Along with several other economists, Karbownik co-authored a 2020 study of the Florida Tax Credit Scholarship, which awarded scholarships to over 108,000 students in the 2017–18 school year at a cost of $640 million. The paper focused exclusively on the effects of the initiative on nearby public schools, ultimately identifying a strongly positive impact from competition with private schools. Standardized test scores went up while suspensions and absenteeism rates declined, and the benefits were more pronounced for lower-income students.

The findings suggested that further scaling-up of Florida’s voucher regime could yield still-greater results.

Krzysztof Karbownik

But there are limits to what that study, and much of the existing literature on private school choice, can tell us about the overhauls currently occurring across red states like Florida. The only such expansions that are of comparable size have played out across whole countries such as Sweden and Chile, Karbownik said — and the differences in demographics, development, and poverty between those places and any American state make comparisons inherently difficult. 

Asked to consider the best-case scenario for Florida’s newly transformed K–12 ecosystem, Karbownik said that he could foresee the possibility that schools and families “leverage the power of competition” to provide better options for kids. 

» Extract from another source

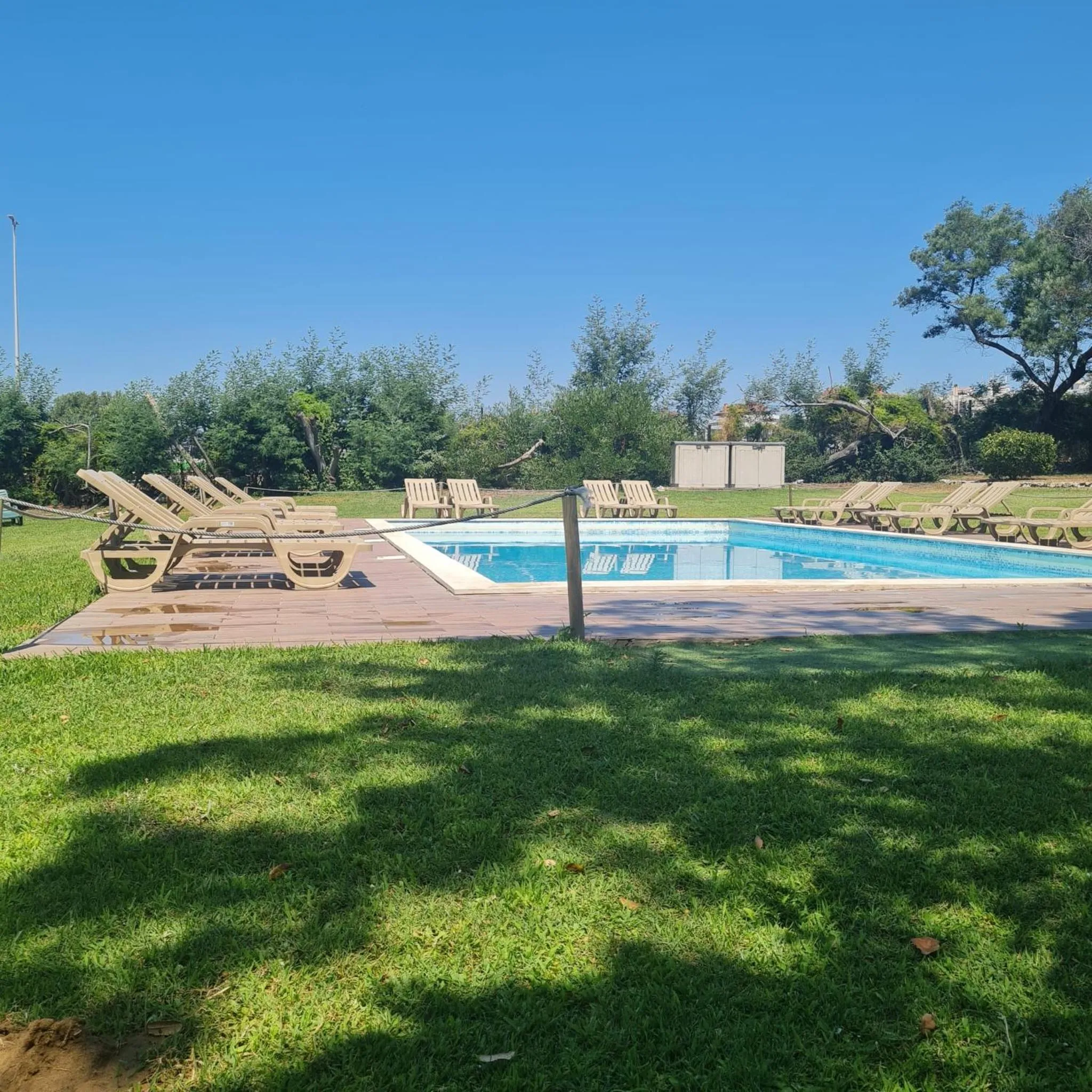 Pool view in Campanile Setubal - Lisboa Sul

Under this scenario, he said, “those students that chose to utilize the voucher would be the students for whom private schools would indeed be a better option than a traditional public school. And on top of that, those who choose to remain in traditional public schools would benefit from improvement in management and peer quality and smaller class sizes through the competitive effects.” 

But several analyses of voucher systems have provided good reason for skepticism. Karbownik also co-authored a previous study of Ohio’s EdChoice Scholarship Program, which extends targeted vouchers to children attending the lowest-performing schools in the state. That report, issued in 2016 by the choice-friendly Thomas B. Fordham Institute, found that — even as private school competition “modestly improved” the achievement of public school students who didn’t use vouchers — voucher recipients themselves fared significantly worse than comparable public school students; those effects lasted for years, suggesting that the academic reversals weren’t simply related to the complications of switching schools.

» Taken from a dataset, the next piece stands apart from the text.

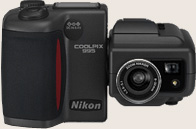 Coolpix 995 первая настоящая цифровая фотокамера от Nikon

Already, voucher foes have pointed to ambiguities in the final costs of implementing universal school choice. One of HB 1’s sponsors quoted a figure of just over $200 million during legislative negotiations, but an evaluation by the independent Florida Policy Institute put the total at over $1 billion. Until families begin to apply for vouchers — including some who currently pay full freight for access to their children’s private schools, but would gladly accept a subsidy — the bottom line is undetermined.

Another potential problem is that of surging demand for private school attendance. About 2,000 private K–12 schools currently participate in Florida’s voucher system, and it’s unknown how many have spare capacity to absorb newly eligible families beginning next school year. Some new entrants could materialize in the coming years to pursue state voucher money, Karbownik suggested, potentially creating “a whole market for relatively low-quality private schools” that operate substantially outside the regulations applying to traditional public schools.

To forestall that possibility, he said, the state should adopt measures that would clearly rate the quality of private schools so that families know exactly what they’re buying with the money they receive under HB 1. 

“I’m not saying we need to over-regulate everything and make the curricula exactly the same,” Karbownik concluded. “But we should at least make sure that the objective over which they compete — which, from the perspective of legislators, is to deliver the best education to the children of Florida — is the same for private schools as compared to public schools.”